3月28日に千葉市美浜区のホテルニューオータニ幕張で開催された千葉「正論」懇話会(会長・千葉滋胤千葉商工会議所顧問)の第74回講演会。元海上保安庁警備救難監の向田昌幸氏が、「どう守る尖閣 問われる日本の主体性と覚悟」と題し、熱弁を振るった。尖閣諸島(沖縄県石垣市)の警備を現場対応に任せきりにしていることに強い懸念を示し、政治・外交が対策を取るべきだと訴えた。海保での豊富な現場経験を持つ向田氏の話に、来場者は真剣に聞き入っていた。
向田氏は、中国公船が尖閣周辺の日本領海へ侵入するようになった経緯を説明。当初は民間の領有権主張運動だったが、平成22年の中国漁船衝突事件後に政府公船が目立つようになり、24年の尖閣国有化を契機に「領海侵入が徐々に常態化してきた」とした。
また、これまでに起きた国防上の重大事案を列挙し、他国による主権侵害に対して抑止力が機能していないと力説。13年に海保が北朝鮮の不審船を追跡して銃撃戦になった「九州南西海域工作船事件」の記録映像を紹介し、警察権による対処の限界と危険性について説明した。
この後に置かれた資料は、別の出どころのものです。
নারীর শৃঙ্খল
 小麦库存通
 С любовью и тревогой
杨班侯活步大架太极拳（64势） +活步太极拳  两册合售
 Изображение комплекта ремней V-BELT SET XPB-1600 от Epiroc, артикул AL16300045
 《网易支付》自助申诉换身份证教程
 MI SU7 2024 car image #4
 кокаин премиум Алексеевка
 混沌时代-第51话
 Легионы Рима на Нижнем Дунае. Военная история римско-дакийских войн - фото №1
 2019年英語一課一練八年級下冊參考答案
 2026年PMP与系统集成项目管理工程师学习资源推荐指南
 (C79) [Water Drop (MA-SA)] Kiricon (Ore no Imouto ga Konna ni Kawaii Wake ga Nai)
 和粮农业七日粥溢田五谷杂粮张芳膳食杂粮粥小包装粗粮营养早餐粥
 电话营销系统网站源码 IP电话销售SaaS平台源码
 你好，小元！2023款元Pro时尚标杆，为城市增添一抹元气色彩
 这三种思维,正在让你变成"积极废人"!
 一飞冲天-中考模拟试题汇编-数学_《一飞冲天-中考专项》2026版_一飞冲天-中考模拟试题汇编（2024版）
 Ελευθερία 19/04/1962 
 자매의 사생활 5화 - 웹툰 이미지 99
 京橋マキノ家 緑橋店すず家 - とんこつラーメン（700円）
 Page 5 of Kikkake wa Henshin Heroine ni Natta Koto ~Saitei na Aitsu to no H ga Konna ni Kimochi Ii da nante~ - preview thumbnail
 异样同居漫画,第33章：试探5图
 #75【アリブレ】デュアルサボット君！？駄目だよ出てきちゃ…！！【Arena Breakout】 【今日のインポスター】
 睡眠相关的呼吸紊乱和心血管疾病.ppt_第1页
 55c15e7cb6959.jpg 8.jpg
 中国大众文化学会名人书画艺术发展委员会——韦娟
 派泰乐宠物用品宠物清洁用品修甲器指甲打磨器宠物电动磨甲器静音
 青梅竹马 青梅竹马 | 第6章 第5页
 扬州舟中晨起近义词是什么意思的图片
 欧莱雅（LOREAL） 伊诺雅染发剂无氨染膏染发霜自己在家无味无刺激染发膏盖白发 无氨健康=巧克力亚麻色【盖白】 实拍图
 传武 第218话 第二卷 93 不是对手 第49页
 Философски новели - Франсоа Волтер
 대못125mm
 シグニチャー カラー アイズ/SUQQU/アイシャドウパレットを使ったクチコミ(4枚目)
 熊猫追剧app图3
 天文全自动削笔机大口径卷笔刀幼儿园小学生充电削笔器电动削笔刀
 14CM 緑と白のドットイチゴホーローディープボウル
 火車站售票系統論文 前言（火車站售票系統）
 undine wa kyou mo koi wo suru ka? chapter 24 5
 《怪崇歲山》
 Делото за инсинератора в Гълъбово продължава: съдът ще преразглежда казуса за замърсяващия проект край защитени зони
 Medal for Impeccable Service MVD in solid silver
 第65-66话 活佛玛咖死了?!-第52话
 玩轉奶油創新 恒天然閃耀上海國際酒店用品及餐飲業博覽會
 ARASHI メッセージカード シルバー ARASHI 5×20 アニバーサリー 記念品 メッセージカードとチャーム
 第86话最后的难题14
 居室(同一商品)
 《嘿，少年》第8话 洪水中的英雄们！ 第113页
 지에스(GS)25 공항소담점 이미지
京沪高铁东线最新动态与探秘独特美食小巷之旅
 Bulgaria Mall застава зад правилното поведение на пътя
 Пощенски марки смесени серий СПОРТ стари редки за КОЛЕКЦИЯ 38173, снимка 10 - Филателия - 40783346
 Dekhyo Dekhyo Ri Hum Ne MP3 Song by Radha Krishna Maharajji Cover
中国は、海上警察・法執行機関を海警局として再編し、軍事的な役割も付与したと指摘。中国側の狙いについて、「東シナ海や南シナ海の島嶼(とうしょ)の領有権や海域の管轄権をめぐって対立している関係当事国に対し、海上警察機関の仮面を被った軍事機関の海警局を前面に出して威圧・威嚇することだ」と警鐘を鳴らした。
日本側の対応については、政府が(組織的・計画的な武力攻撃とはいえない程度の侵害行為に対する)「マイナー自衛権」の行使を制約していることが、無防備さの背景にあるとした。「自衛隊が平素からマイナー自衛権を行使し、国防機関としての任務を遂行できるようにすることを前提に、海保の警察権による対応からシームレスな形で自衛隊に引き継ぐのが本来の姿だ」と強調。現場対応に終始するのではなく、国防政策そのものを改めるべきだとした。
日本は、米国に中立・不関与の立場の撤回を求めるとともに、尖閣問題に関する国際社会の理解の醸成を図る必要があると強調。具体策として、尖閣を「特定離島」に指定して有効支配体制を強化することなどを挙げた。また、旧民主党政権時代に野党だった自民党の政策提言に、「尖閣に公務員を常駐させる」という項目があったと指摘し、政府・与党に対応を促した。
講演後、向田氏は「自国の独立と平和と安全は自らの手で守るという本来の姿に立ち返るべきだ。そのためにも国民が、自衛隊に対する文民統制(シビリアンコントロール)に自信を持って、政治家の背中を押すときだ」と付け加えた。
むかいだ・まさゆき 昭和27年、広島県生まれ。50年、海上保安大学校卒。巡視船勤務を振り出しに旧運輸省、在蘭日本大使館、内閣官房への出向のほか、根室海上保安部長、第八管区海上保安本部長、海上保安庁警備救難部長、警備救難監などを歴任し、退官。退官直前の3年間は、ソマリア海賊の逮捕・移送、南氷洋調査捕鯨等妨害対策、東日本大震災への対応などを指揮。日本水難救済会理事長を経て、東京湾海難防止協会理事長。著書に「尖閣問題の現状と展望」。